# Book suggestions!



## Anon (Oct 5, 2011)

Let's suppose you've read alot of the documentation but you want to go up a step higher. Which FreeBSD book should I begin with?


----------



## hedwards (Oct 6, 2011)

Absolute FreeBSD by Michael Lucas is the one I'd recommend these days. In the past I'd recommend The Complete FreeBSD, but it's out of print and it hasn't been updated in years AFAICT.
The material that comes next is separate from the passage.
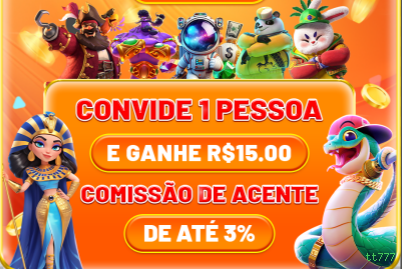 Interface de Apostas ao Vivo - Transmissão e Odds em Tempo Real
And not strictly FreeBSD specific, but The Book of PF by Peter N.M. Hansteen is great for learning how to set up that particular firewall. And you might consider Automating System Administration with Perl, Second Edition by David N. Blank-Edelman

Apart from The Complete FreeBSD those are all available from O'Reilly in both paper and electronic versions.


----------



## fluca1978 (Oct 6, 2011)

Absolute FreeBSD!
The book is accurate, it covers almost everything you need to see on a FreeBSD system and I love how the author puts jokes in the whole book.


----------



## grigorovl (Oct 6, 2011)

+1 for Absolute FreeBSD. It is written in such a way that it is helpful to a new user as well as an experienced one. It is very thorough on the topics.


----------



## bigearsbilly (Oct 6, 2011)

agreed, I got it, it's always open on my desk.


----------



## vand777 (Oct 6, 2011)

I agree that "Absolute FreeBSD" by Michael Lucas is the best book for a beginner. The 2nd book I would read after "Absolute FreeBSD" is "Building a Server with FreeBSD 7" by Bryan J. Hong.

And please never forget about the FreeBSD Handbook.


----------



## Anon (Oct 6, 2011)

Awesome guys! Thanks for the suggestions, I'll pick up those books soon.


----------